◆ YOUR GOAL
Select, from the data, each line where "plate" occurs.

[Extracted records]
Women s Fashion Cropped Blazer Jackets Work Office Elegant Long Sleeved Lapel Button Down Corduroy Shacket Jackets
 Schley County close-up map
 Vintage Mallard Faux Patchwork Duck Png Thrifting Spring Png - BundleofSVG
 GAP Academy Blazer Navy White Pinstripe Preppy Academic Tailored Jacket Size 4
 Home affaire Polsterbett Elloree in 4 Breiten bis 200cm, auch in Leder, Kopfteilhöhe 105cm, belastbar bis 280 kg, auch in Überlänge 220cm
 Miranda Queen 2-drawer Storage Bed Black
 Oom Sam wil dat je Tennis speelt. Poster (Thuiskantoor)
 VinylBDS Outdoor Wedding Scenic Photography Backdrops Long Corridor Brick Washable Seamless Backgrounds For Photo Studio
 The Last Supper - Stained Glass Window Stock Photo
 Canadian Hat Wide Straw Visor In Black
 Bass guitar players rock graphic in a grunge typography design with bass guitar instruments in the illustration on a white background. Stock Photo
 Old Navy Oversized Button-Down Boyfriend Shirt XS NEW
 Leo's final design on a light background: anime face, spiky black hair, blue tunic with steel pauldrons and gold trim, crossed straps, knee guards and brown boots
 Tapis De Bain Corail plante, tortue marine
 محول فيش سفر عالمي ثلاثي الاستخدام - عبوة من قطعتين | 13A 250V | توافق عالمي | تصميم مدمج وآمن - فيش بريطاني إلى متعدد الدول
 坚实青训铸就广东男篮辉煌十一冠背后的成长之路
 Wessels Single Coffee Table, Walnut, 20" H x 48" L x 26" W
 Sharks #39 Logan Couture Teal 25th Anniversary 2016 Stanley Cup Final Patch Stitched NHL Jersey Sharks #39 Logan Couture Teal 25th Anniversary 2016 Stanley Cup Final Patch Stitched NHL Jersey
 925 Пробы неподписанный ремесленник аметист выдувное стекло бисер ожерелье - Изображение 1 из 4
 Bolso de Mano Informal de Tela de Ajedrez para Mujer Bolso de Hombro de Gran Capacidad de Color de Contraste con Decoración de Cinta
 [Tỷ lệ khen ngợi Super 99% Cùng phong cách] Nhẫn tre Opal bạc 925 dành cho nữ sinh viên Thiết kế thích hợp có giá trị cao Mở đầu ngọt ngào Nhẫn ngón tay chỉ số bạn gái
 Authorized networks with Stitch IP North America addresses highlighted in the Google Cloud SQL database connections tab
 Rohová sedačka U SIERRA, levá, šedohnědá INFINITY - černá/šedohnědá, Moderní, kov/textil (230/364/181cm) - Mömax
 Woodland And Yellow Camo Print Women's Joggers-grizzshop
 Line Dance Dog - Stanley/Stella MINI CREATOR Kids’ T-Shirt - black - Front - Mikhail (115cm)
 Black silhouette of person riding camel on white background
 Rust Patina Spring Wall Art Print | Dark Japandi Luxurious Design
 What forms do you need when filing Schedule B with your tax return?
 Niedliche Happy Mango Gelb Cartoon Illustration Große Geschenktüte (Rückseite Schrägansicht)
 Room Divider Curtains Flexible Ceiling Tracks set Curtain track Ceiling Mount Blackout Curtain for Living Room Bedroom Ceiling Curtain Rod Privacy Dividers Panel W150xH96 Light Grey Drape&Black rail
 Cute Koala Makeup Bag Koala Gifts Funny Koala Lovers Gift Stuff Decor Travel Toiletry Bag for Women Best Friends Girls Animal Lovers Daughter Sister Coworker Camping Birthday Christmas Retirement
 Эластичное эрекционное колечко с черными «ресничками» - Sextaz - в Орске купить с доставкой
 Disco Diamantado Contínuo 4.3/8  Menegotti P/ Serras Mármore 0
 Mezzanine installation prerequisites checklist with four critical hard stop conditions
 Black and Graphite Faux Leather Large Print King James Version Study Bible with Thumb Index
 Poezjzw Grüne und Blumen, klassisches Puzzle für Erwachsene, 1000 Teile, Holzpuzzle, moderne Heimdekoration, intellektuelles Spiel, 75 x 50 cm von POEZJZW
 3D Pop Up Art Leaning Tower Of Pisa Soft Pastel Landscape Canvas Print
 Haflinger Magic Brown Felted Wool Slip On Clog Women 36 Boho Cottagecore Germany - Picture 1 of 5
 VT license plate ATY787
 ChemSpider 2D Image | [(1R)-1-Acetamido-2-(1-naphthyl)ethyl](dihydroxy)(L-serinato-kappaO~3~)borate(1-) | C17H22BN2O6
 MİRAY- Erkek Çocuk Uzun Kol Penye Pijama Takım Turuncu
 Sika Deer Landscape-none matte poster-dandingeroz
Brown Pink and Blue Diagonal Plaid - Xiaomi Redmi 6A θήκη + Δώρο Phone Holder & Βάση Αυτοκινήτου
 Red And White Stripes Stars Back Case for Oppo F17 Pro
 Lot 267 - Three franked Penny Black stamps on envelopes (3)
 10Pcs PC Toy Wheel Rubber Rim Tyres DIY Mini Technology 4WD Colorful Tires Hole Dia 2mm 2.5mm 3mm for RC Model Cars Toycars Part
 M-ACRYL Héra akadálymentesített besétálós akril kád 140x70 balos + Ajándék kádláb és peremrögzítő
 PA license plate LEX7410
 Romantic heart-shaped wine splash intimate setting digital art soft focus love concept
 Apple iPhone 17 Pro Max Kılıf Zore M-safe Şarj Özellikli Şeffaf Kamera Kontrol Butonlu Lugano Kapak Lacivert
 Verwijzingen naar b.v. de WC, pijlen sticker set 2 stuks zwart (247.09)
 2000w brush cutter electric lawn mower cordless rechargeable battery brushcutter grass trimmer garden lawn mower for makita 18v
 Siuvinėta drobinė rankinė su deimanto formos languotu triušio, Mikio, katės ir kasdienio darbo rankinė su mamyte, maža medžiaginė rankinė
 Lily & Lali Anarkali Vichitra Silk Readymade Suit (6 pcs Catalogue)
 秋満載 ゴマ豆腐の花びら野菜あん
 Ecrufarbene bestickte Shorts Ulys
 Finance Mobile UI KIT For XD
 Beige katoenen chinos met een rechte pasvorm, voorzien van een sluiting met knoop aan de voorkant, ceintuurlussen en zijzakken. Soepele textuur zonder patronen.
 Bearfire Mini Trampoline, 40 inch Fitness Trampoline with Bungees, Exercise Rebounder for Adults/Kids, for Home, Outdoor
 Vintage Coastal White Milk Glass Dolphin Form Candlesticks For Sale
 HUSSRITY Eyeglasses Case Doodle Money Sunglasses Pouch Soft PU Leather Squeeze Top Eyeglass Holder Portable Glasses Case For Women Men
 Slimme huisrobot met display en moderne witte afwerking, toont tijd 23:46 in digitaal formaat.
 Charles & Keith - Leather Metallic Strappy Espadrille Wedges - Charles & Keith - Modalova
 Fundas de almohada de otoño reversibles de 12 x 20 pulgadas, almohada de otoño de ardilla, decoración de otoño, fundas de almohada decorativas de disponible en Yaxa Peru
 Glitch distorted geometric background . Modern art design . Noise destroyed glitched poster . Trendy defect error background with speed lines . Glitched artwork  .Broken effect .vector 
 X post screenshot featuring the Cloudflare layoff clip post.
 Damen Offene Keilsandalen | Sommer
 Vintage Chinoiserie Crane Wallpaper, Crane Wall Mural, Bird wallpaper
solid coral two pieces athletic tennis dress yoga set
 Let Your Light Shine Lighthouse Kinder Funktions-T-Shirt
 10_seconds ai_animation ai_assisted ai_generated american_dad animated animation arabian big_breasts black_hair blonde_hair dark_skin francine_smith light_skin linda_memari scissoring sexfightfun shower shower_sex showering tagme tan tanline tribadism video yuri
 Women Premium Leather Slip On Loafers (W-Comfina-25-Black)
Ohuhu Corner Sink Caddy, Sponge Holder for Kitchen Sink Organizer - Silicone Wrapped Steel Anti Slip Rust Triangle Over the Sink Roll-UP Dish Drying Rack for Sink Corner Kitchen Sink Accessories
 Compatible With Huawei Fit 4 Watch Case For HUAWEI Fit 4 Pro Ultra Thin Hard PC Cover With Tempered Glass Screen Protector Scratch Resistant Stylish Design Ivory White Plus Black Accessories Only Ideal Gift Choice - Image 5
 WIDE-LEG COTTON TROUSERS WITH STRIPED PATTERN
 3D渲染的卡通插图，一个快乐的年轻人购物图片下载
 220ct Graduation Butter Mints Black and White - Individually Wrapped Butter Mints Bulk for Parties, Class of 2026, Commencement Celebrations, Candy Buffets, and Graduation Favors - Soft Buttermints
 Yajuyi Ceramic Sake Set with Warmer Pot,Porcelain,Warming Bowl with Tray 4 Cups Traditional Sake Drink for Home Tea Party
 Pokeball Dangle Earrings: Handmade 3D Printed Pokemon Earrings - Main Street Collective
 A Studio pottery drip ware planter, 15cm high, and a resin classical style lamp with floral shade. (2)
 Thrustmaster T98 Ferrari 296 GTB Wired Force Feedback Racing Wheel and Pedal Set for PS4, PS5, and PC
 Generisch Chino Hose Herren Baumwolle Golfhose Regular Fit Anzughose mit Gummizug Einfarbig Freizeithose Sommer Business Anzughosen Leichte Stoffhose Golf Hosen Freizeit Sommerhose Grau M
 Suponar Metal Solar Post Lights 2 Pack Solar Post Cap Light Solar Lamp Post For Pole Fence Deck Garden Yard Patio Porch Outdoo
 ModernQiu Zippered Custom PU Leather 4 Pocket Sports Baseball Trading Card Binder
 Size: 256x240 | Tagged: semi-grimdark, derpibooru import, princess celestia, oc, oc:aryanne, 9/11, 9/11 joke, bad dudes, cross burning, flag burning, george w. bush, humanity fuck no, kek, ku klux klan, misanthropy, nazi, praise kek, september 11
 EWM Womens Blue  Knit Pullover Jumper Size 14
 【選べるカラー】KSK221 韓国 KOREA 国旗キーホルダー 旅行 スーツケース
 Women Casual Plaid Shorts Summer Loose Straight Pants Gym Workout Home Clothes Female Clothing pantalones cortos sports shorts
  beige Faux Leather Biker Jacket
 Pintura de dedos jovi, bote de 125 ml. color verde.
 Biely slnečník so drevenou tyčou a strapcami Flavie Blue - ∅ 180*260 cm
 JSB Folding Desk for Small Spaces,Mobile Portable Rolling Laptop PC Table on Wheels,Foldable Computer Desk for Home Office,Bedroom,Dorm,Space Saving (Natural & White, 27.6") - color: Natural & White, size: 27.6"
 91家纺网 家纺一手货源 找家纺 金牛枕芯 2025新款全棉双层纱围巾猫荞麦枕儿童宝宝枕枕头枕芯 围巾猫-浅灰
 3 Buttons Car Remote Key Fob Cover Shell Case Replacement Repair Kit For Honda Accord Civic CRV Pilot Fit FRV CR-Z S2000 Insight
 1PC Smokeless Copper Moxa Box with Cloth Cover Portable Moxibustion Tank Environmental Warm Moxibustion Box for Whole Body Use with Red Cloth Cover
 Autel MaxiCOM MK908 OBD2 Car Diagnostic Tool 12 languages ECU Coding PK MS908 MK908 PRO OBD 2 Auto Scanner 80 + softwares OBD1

◆ TASK RESULT
 VT license plate ATY787
 PA license plate LEX7410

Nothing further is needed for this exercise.